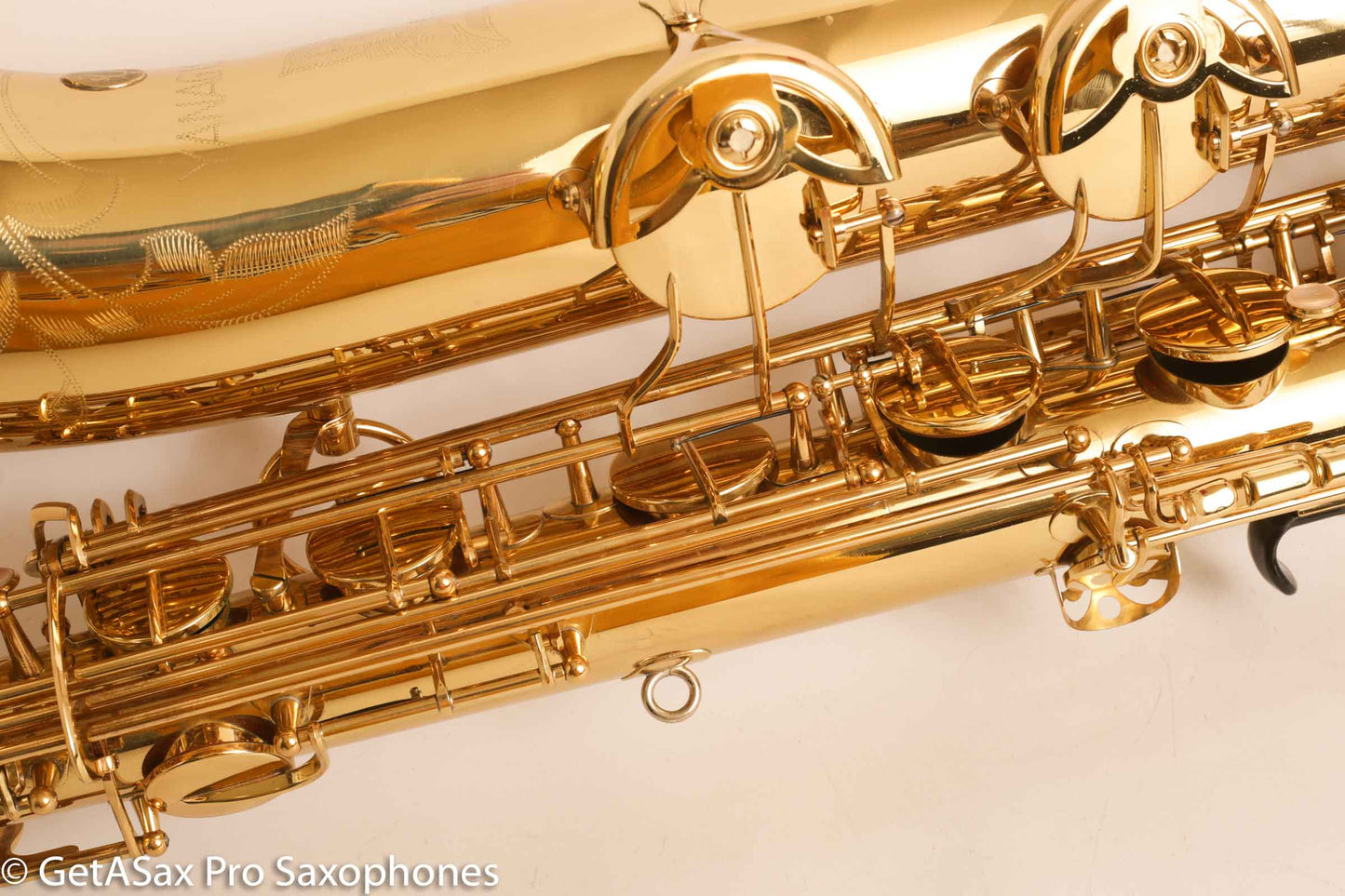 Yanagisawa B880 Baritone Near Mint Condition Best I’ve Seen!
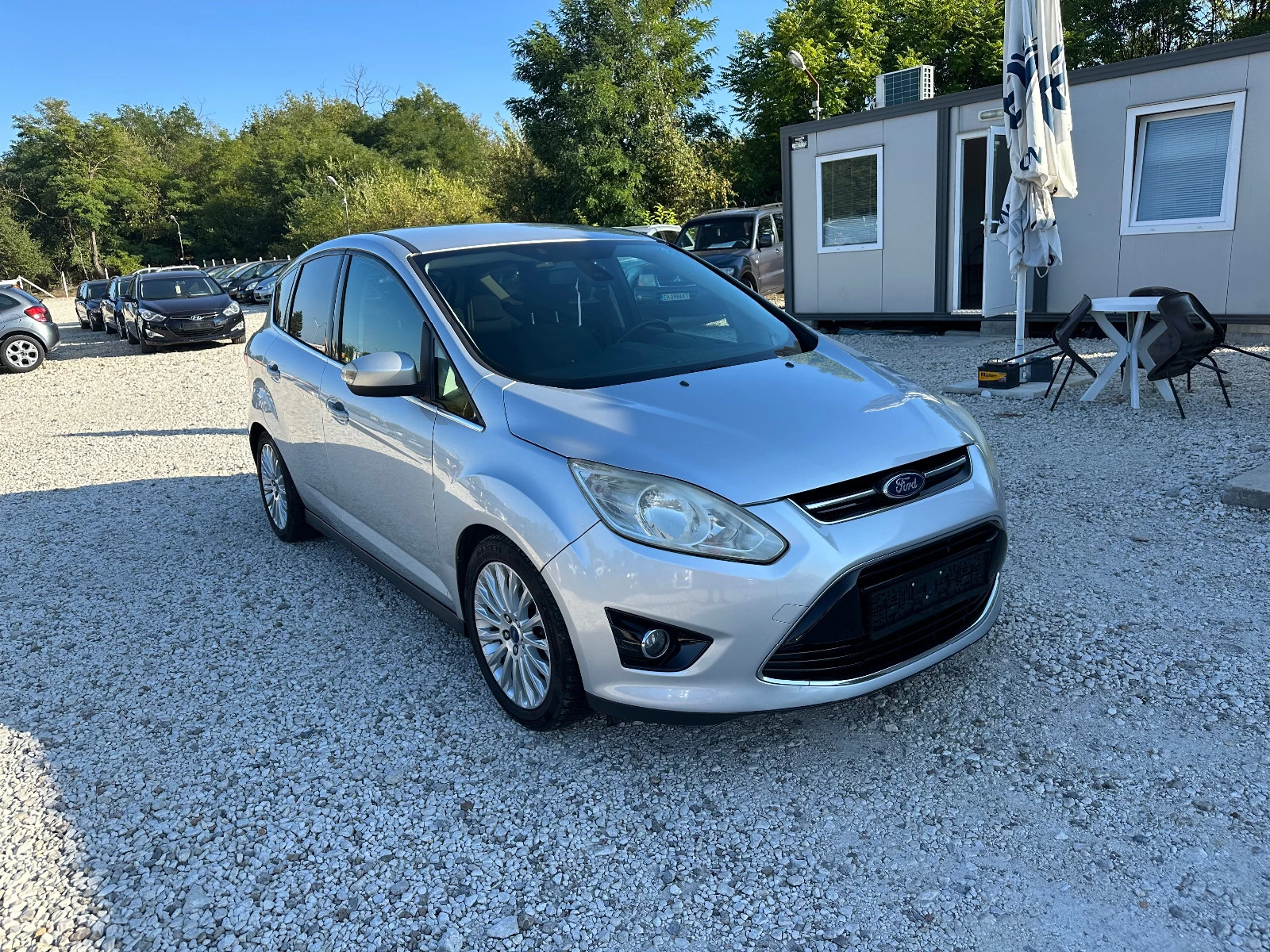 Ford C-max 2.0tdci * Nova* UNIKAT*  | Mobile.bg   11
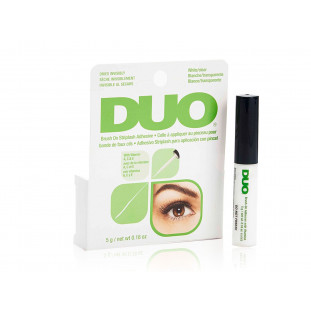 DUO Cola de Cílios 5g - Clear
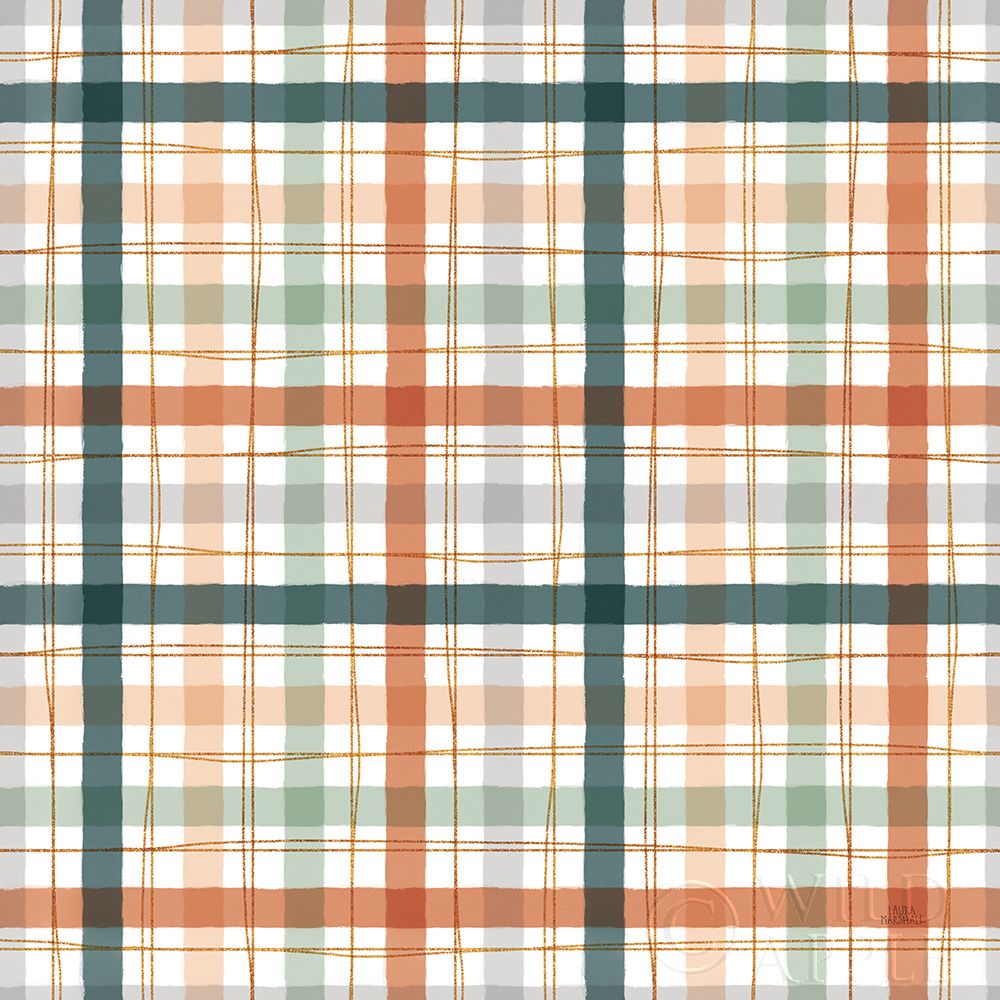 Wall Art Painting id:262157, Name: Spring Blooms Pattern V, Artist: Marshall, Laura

+++

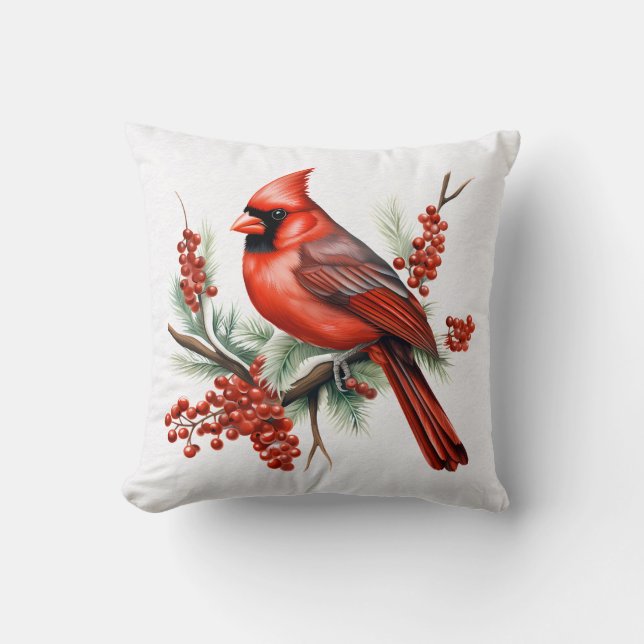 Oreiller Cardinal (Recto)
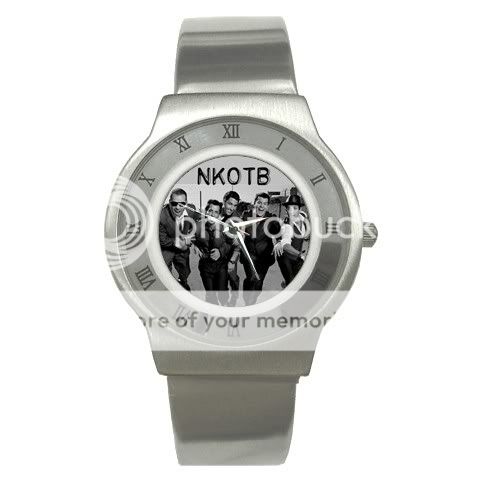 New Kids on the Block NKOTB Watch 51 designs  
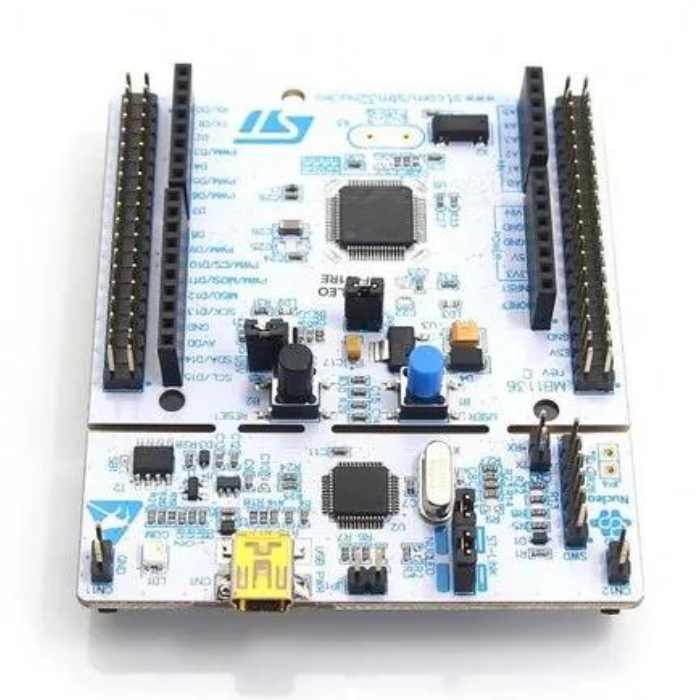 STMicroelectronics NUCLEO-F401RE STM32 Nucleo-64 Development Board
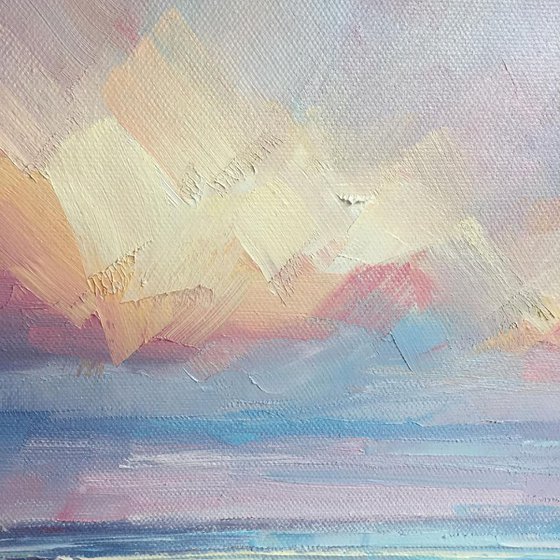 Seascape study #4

+++

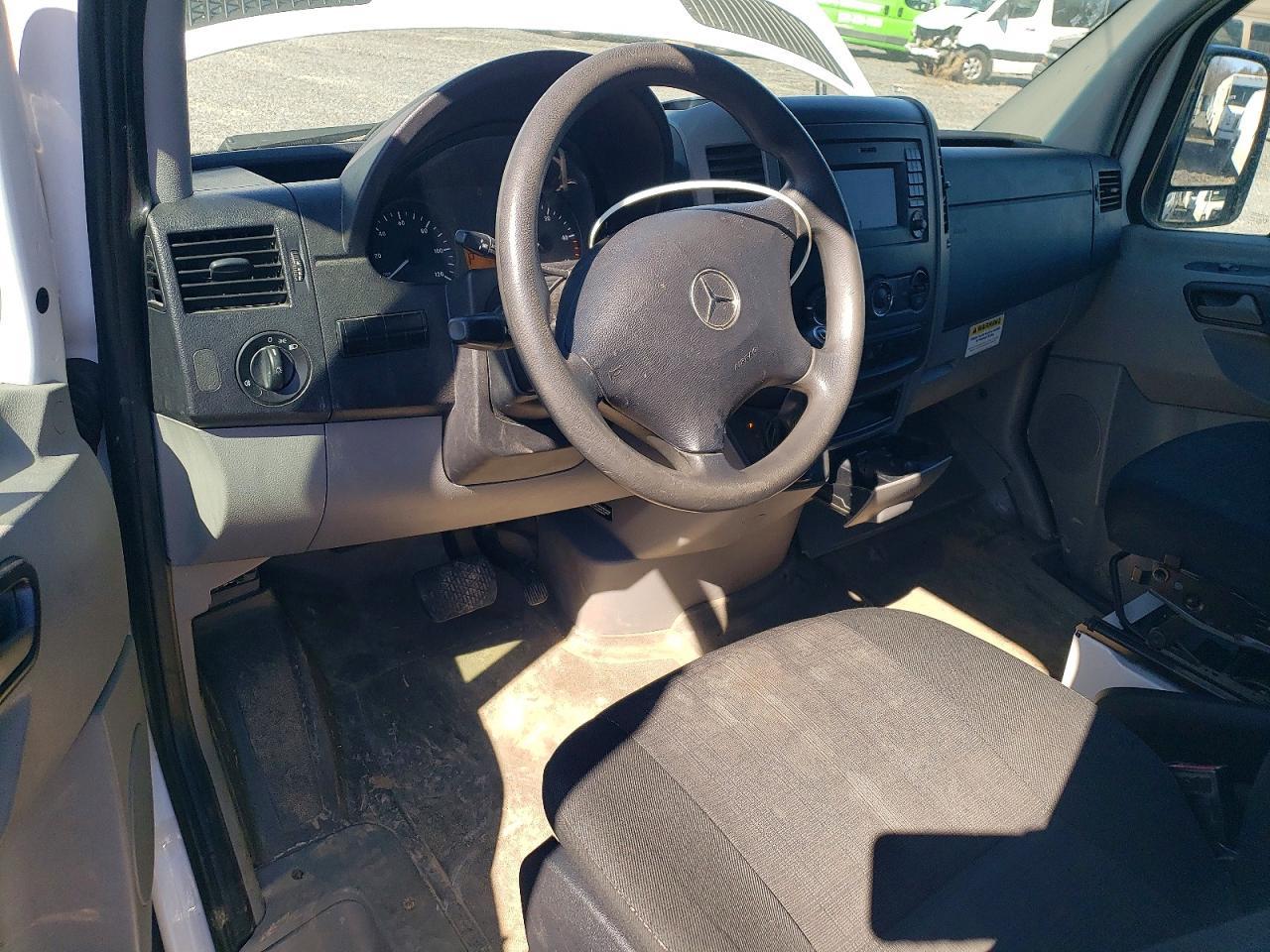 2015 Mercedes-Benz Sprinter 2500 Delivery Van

+++

What to do — The stretch to restate runs from the line above containing "STMicroelectronics NUCLEO-F401RE STM32" through the line containing "Seascape study #4". Copy it word for word, ends included, without pictures.

Response to the task —
 STMicroelectronics NUCLEO-F401RE STM32 Nucleo-64 Development Board
 Seascape study #4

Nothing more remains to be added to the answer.